Instructions for the task: Below are records; the lines starting at the one with "Now that I have" and ending at the one with "Components are reusable" must be reproduced exactly, both included. Pictures must not appear.

Records supplied:
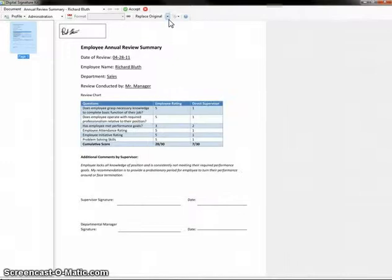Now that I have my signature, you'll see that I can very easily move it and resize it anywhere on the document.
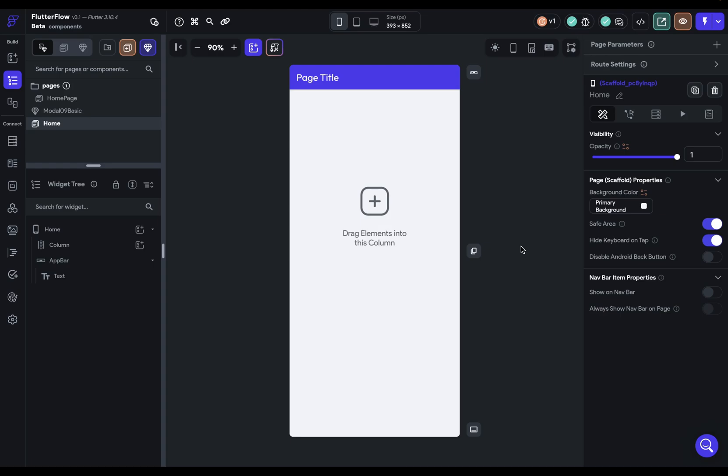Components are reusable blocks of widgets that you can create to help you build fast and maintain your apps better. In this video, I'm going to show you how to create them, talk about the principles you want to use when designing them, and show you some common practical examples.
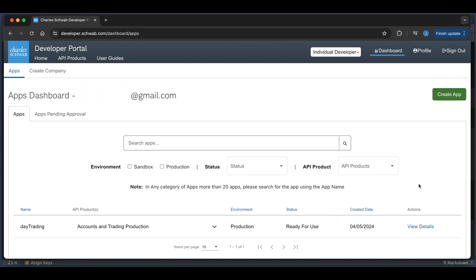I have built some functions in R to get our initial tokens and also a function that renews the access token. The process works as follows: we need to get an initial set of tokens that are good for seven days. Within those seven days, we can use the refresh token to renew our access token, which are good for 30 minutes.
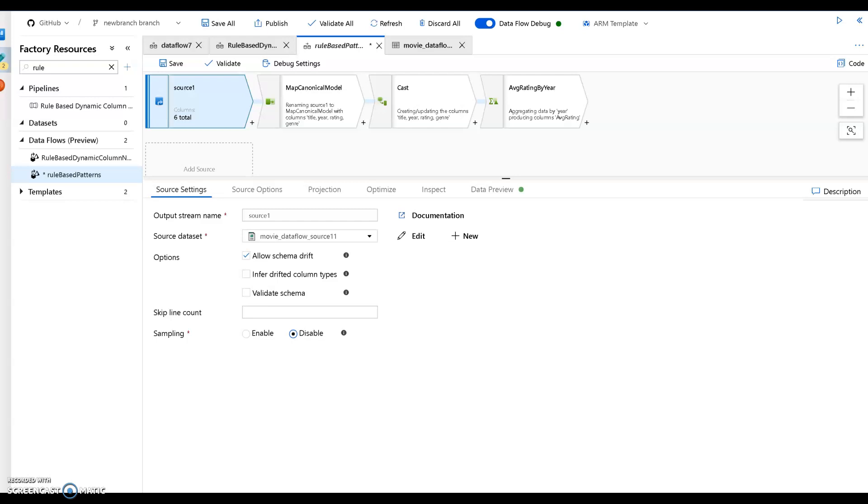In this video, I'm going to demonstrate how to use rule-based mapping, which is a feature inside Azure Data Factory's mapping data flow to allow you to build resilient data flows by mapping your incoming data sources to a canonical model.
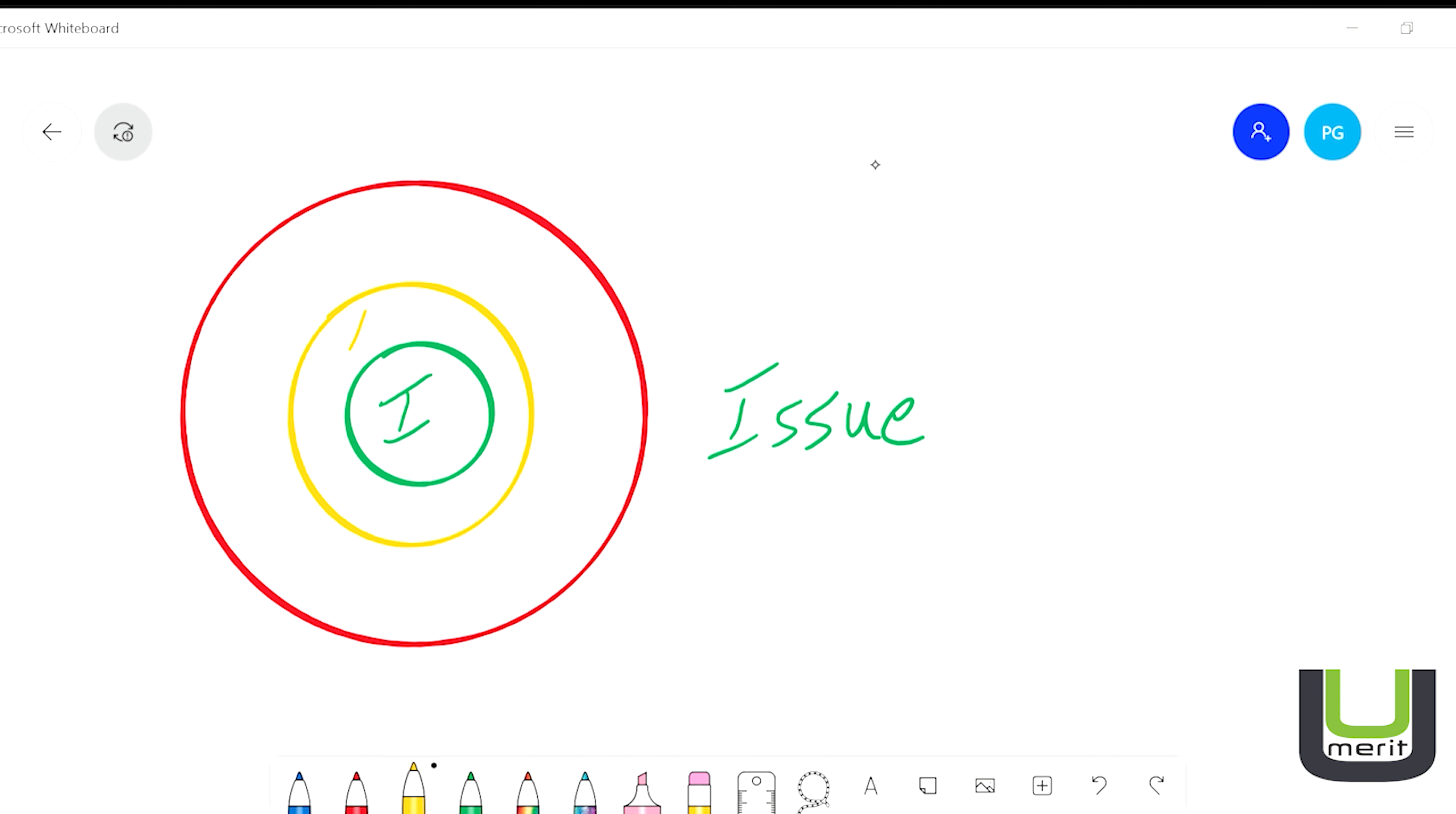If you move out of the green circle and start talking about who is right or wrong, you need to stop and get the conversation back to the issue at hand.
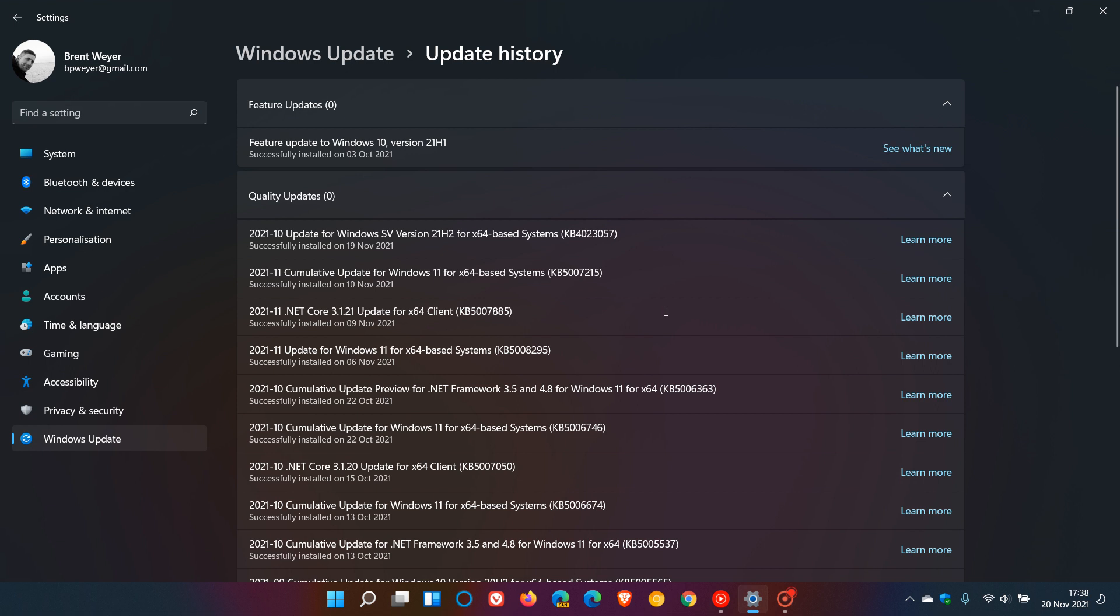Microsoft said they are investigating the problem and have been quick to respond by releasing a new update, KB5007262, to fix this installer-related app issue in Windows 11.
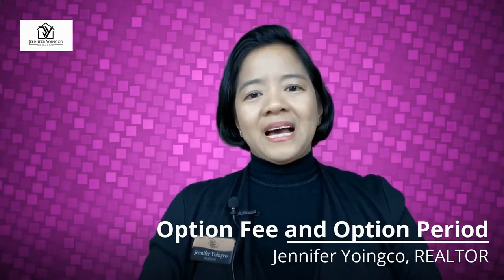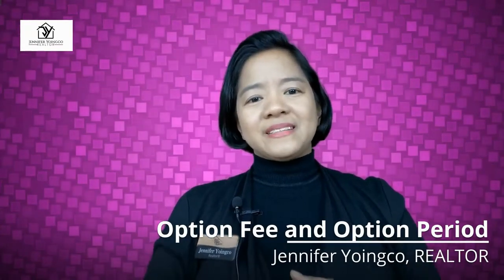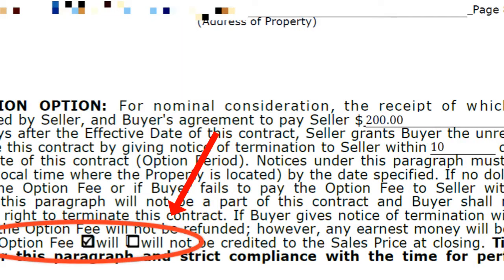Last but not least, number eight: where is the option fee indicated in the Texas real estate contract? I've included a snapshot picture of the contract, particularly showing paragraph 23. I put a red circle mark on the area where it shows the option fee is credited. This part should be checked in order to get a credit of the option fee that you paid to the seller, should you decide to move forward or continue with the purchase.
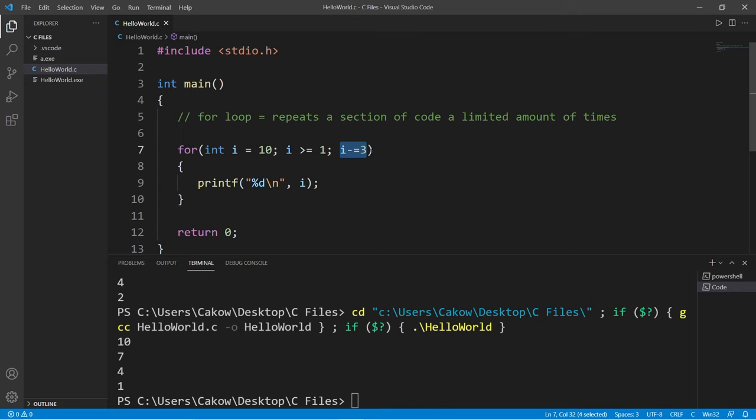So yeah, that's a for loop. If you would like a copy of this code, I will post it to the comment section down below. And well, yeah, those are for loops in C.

--

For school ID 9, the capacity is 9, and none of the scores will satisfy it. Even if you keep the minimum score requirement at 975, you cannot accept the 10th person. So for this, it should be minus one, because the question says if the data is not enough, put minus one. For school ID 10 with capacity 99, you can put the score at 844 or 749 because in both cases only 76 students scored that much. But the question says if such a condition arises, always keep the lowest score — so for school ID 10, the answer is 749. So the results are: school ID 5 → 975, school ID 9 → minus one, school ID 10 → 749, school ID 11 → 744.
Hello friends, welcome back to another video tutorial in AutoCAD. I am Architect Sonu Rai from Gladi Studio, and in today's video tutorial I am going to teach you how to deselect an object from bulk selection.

==

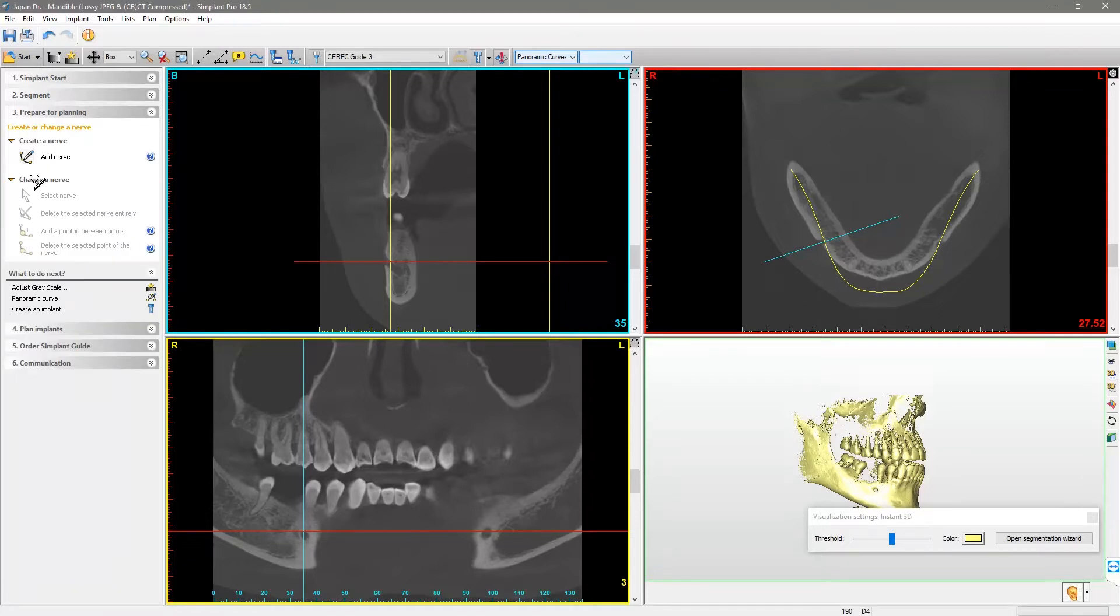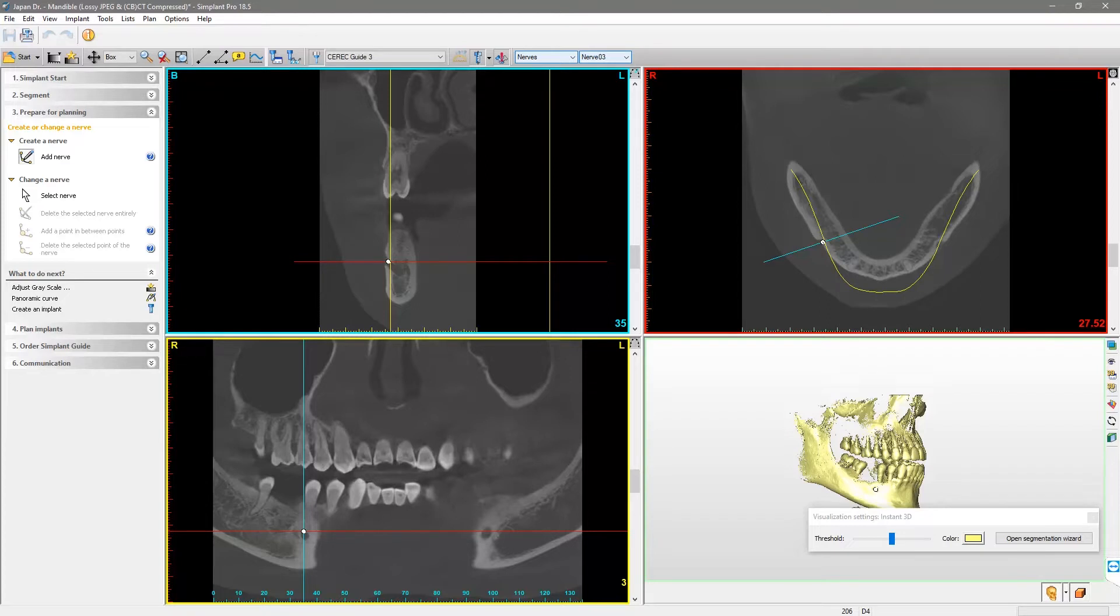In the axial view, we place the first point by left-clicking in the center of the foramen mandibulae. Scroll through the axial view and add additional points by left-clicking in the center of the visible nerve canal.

Exercise answer:
Now that I have my signature, you'll see that I can very easily move it and resize it anywhere on the document.
Components are reusable blocks of widgets that you can create to help you build fast and maintain your apps better. In this video, I'm going to show you how to create them, talk about the principles you want to use when designing them, and show you some common practical examples.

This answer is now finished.